All backup snapshots are uploaded to an external storage repository (e.g., an S3 storage bucket for an AWS cluster). For RIIA customers, the retention period for Instaclustr’s S3 bucket is 7 days. For RIYOA customers, retention policy must be set by customers on the backup bucket in their accounts to be at least 7 days to ensure validity of the incremental backups.
Automated Backups
All ClickHouse clusters will be configured to perform an automated backup. Depending on the SLA tier of a cluster, scheduling of automated backups differs, as shown in the table below.
SLA Tier | Full Backup Schedule | Incremental Backup Schedule |
Developer | Once every 6 days | Once every 24 hours |
Production | Once every 6 days | Once every 6 hours |
User Triggered Backups
Users can manually trigger backups using the Console or the Instaclustr API. The type of these backups will be automatically decided by the system to be either full or incremental depending on whether a full backup already exists in the remote repository and the time the previous backups were taken. Assuming you have already provisioned a ClickHouse cluster following the steps in Creating a ClickHouse Cluster, these steps below shows how you could trigger a manual backup.
-
Using Instaclustr Console
- Choose your cluster from the left panel and navigate to the Backup and Restore tab
- Go to the Backup tab on the page and click the “Start Backup” button to start a backup. Since there is currently no existing backup in the past 7 days, the immediate one taken will be a full backup.
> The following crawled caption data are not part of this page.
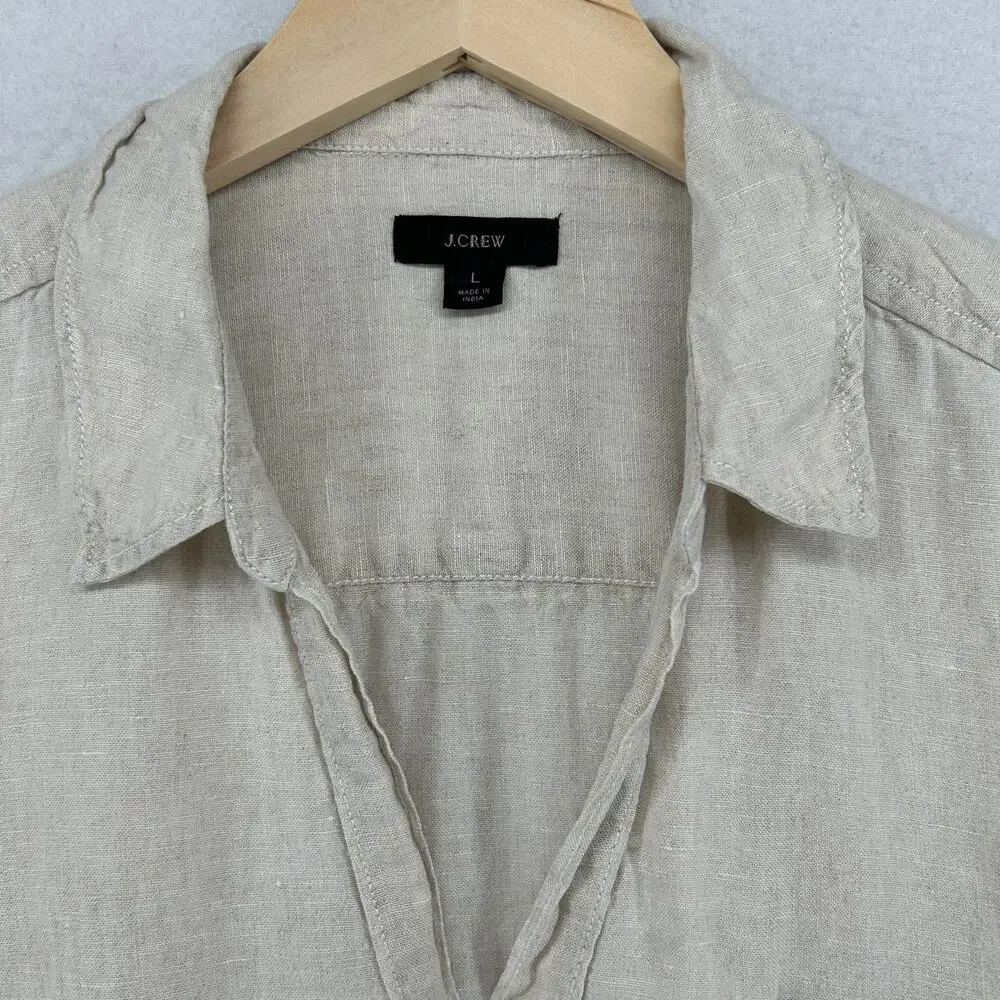 J.CREW Top Womens L Linen Popover Shirt Blouse Short Sleeve Woven Natural Beige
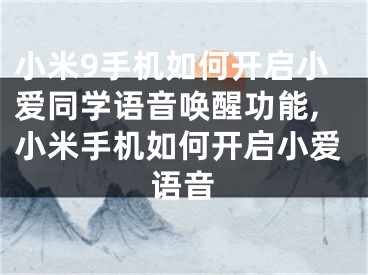 小米9手机如何开启小爱同学语音唤醒功能,小米手机如何开启小爱语音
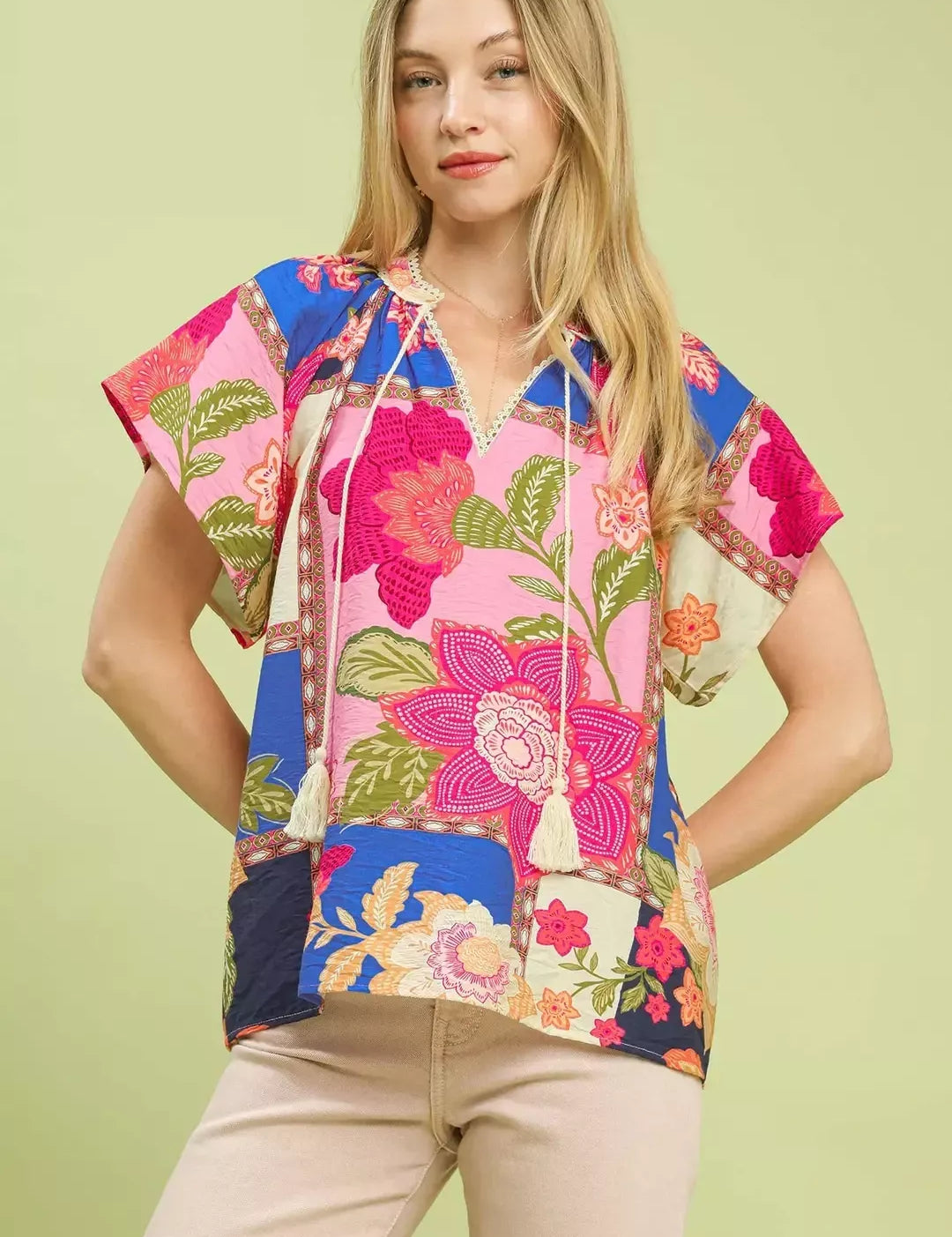UMGEE Mix Floral Patchwork Tassel Tie Top on Simply Obsessed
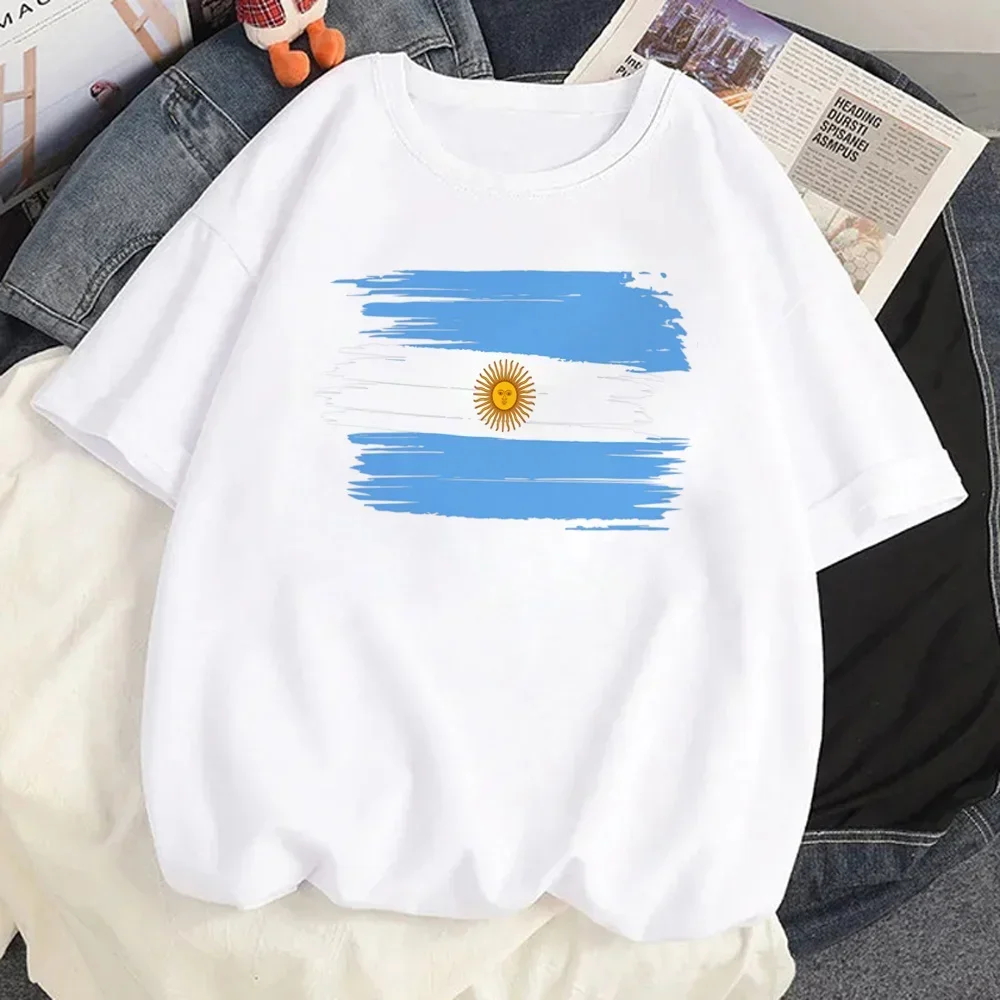 Argentina Flag Tee women Y2K streetwear summer t shirt girl y2k designer clothing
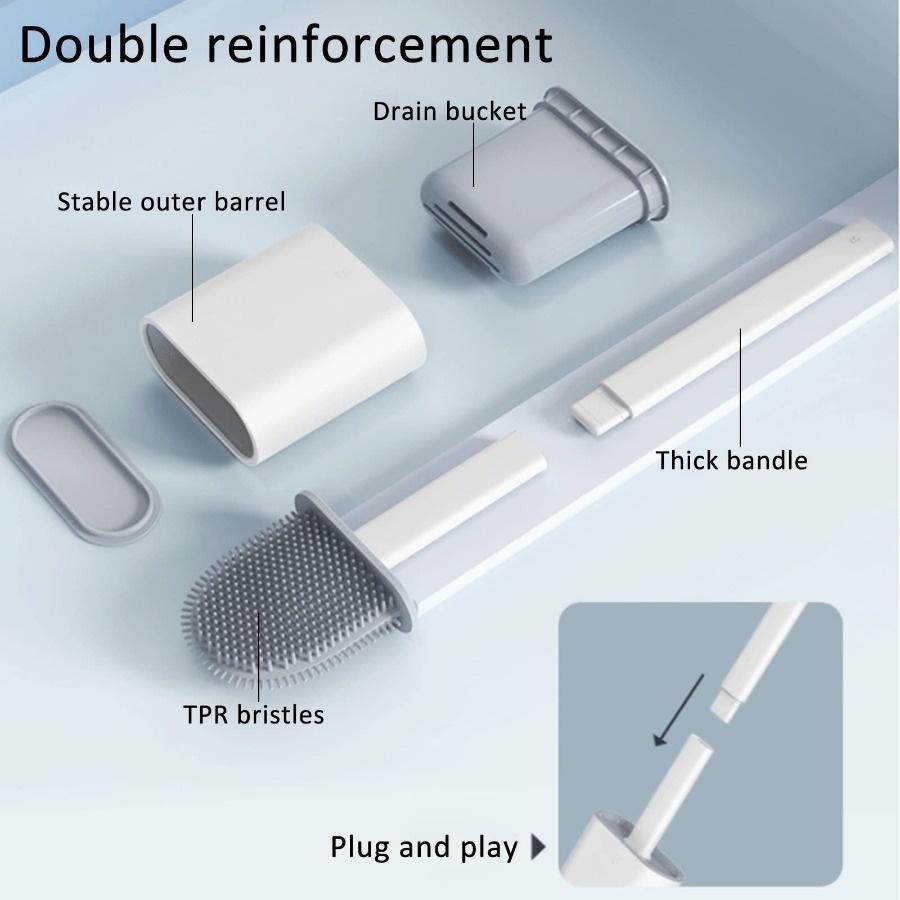 Силиконовая туалетная щетка с настенным контейнером для хранения - Плоская конструкция головки, Подходит для уборки ванной комнаты и кухни, Прочный силиконовый материал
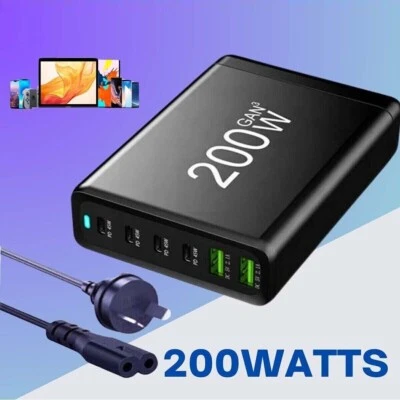 6 Port Fast GaN 200W Multi USB-C Wall Charger Quick Charging QC PD Type C USB - image 1 of 4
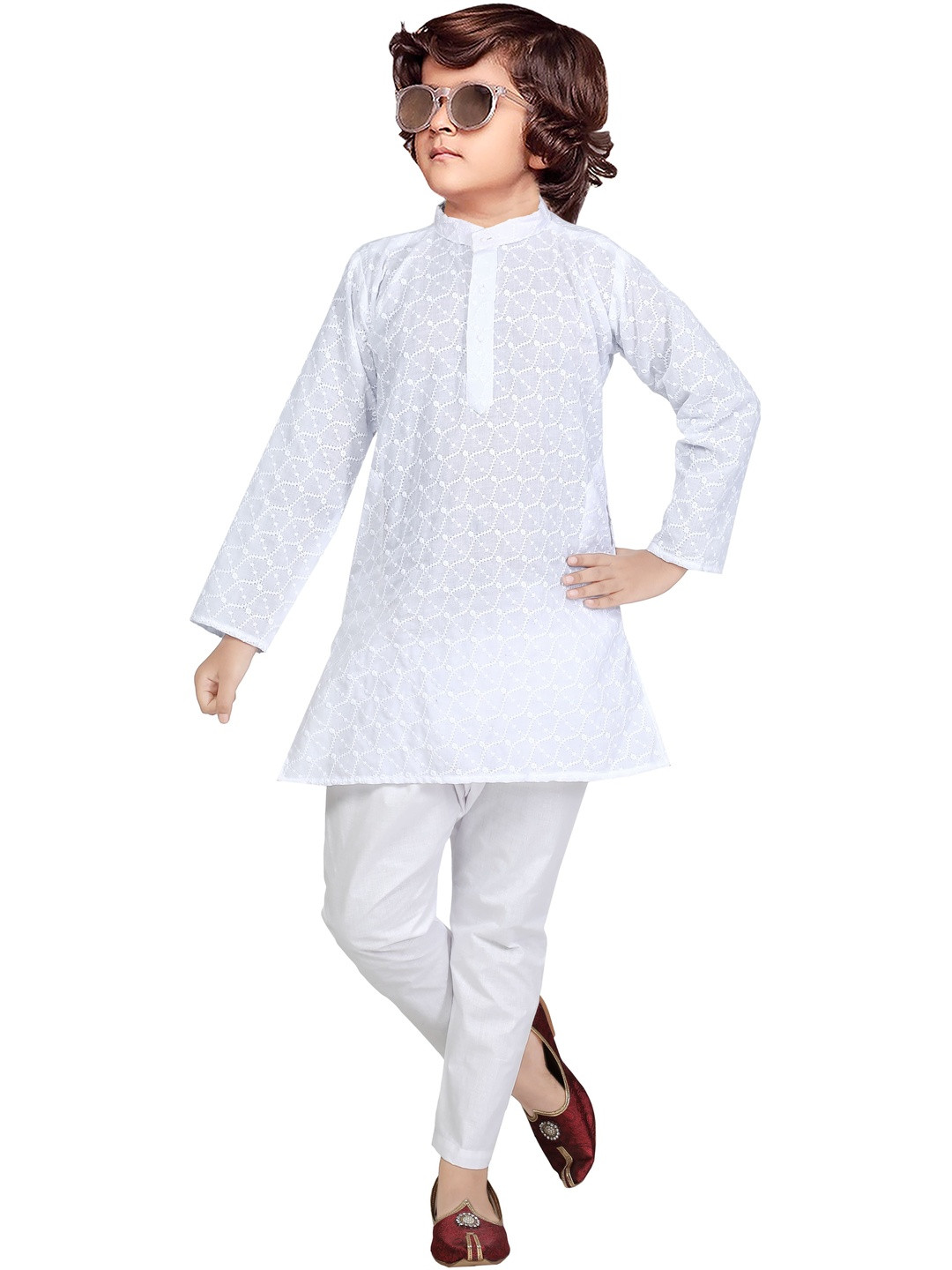 Taimoor Garments Infant Boys Mandarin Collar Chikankari Straight Kurta With Pyjamas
- The backup usually takes some time depending on how much data needs to be backed-up, and you can safely navigate away from the page once you’ve triggered the operation. The page will display progress of the backups for each node while the operation is ongoing. Once backups are done, you can expect to see their “Status” as “completed” on the page.
-
Using Instaclustr API
- Designated API endpoints are available for triggering ClickHouse backups manually. Send a POST request to the endpoint below with your API keys to trigger a backup manually:
-
1https://api.instaclustr.com/cluster-management/v2/operations/applications/clickhouse/clusters/v2/<cluster-id>/trigger-backup/v2/
-
Restores
ClickHouse cluster backups may be used to restore data from a point-in-time to a new cluster, via the Console or using the Instaclustr API. Data is always restored to a new cluster.
-
Using Instaclustr Console
- Choose your cluster from the left panel and navigate to the Backup and Restore tab
- Select the Restore tab on the page and you should see a list of available backups for the nodes. Choose a point-in-time in the Local Time input field and click the Start Restore button to start restoring the backup from the nearest backup point before that time to a new cluster. For example, if a restore from 17:00:00 10th Oct 2024 AEST is requested on the cluster while there is none available at that exact time, the previous available backup, for example, from 15:29:17 10th Oct 2024 AEST, will be used for restoration.
- By clicking “Start Restore”, the system will start provisioning a new cluster with an identical setup (in terms of number of shards, replicas, ClickHouse Keepers, etc) as the current cluster and then restore the specified backup to it.
-
Using Instaclustr API
- Similar to backups, a designated API endpoint is available for restoring a cluster given a point-in-time where a backup is available for it. Send a POST request to the endpoint below with the attached payload to start the process:
- Endpoint:
1https://api.instaclustr.com/cluster-management/v2/operations/applications/clickhouse/restore/v2/ - Payload:
1{ "clusterId": "<cluster-id>","pointInTime": null }
- Endpoint:
- Once the request’s accepted, you will be able to view details of the restore cluster in your Instaclustr Console.